What is it? Well, it does what it says it does. It tracks activity generated or saved when something happens. I’m tempted to say so much about why activity-based costing is cool, but I suspect that you wouldn’t thank me for it. So, let’s just apply this title “the cost” in an ABC way to this activity “creative writing”. In fact, I have decided to apply it to my novel, just to depress myself.
There are a lot of direct costs associated with publishing a book which are easy to track. I have paid for courses, developmental editing, other forms of editing and production. The marketing costs are yet to come. But by far the biggest activity associated with the production of a book is the author’s time. Even if I just paid myself the minimum wage, the cost of my thinking, taking notes, writing, re-writing, editing again and again, would dwarf the visible cost of creating the book. And the minimum wage is not commensurate with the emotional effort, which reminded me of doing my PhD. The saying “1% inspiration, 99% perspiration” seems appropriate.

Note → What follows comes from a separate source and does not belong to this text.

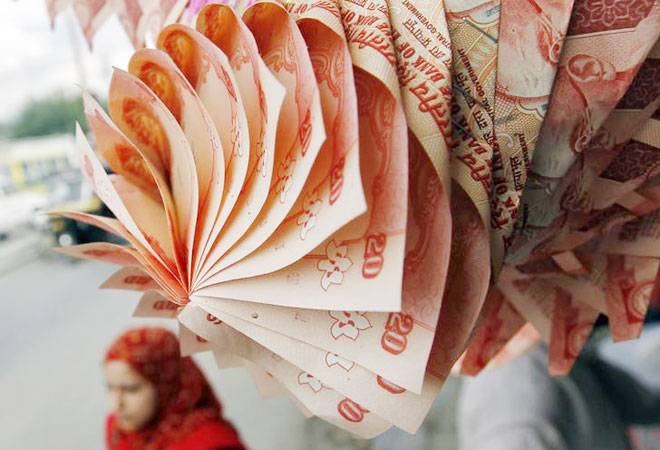 Rupee climbs to 2 week high against dollar; up 11 paise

Of course, some things in life defy costing. Cost does not equate to value. I can’t quantify the value for me that I’m sharing ideas with the world, to provoke and entertain. Well, I think that I am. The audience for my novel may be less that the audience for my textbooks, where I was one of a few people in the country who had the relevant knowledge to share. With my novel, I am one of many thousands of people with the capability to write a long work of fiction. We all have the right to tell our story, and the reading public have a right to choose what they buy. Very few novelists see any return on the costs of creating their work. Like cosmetic manufacturers, the creative writing industry only sells hope of self-esteem. So why do we all do it?

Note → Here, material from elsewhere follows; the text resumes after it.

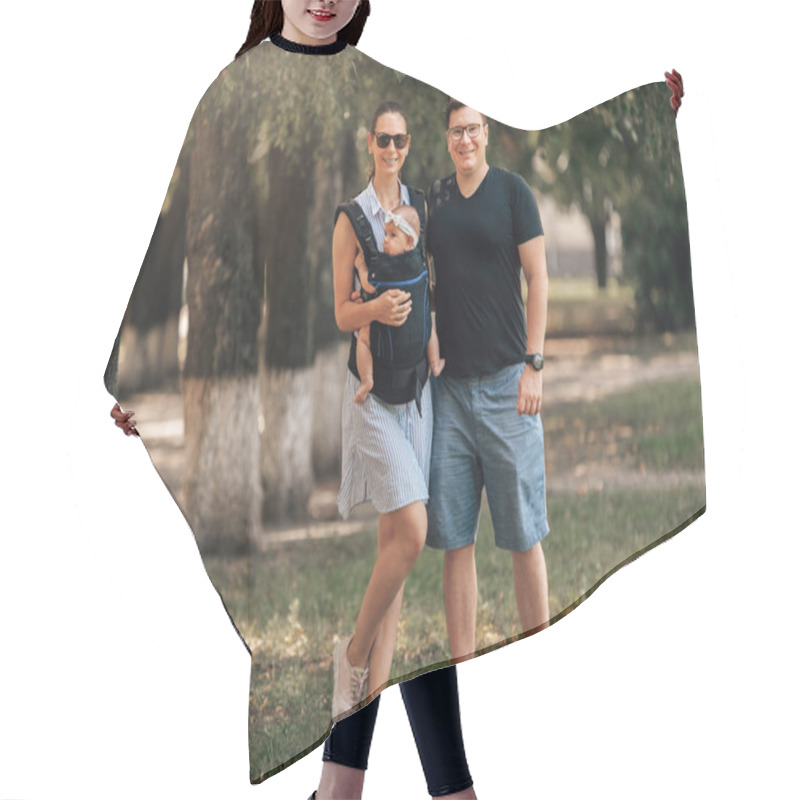 Personality  Family Day In The Park. Happy Young Couple With Newborn Baby. Mother Carry Baby In Ergonomic Baby Carrier Hair Cutting Cape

It is a very human thing to tell stories. The urge to create them and listen to them has been with us from the very beginning of our species. If a story forms in us, from an embellished anecdote about a bad online shopping experience to a saga of swords and magic, we are driven to share it. The cost exists, but it means nothing compared to the joy of creating, expressing and sharing. Should we do it? Bill Bryson says there are too many nobodies like me using the facilities created by modern technology to put my scribblings in the public domain. But then, he is part of the literary establishment. I have learnt, over the past few years, that the publishing industry has its own sub-culture. It is a bubble that does not necessarily know, or want to serve, every audience. Would a future historian recognise every aspect of our culture from the bestsellers? They won’t want ghost-written celebrity memoirs, they will want the authentic memoirs written for grandchildren. They won’t want predictable genre novels, they will want the quirky one-offs. So, I encourage everyone to get their stuff out there. Get help, by all means, but get it out there. Yes, the time-commitment is daunting. Yes, there are direct costs. But what cost to our freedom of expression and readers’ freedom of choice if we do not?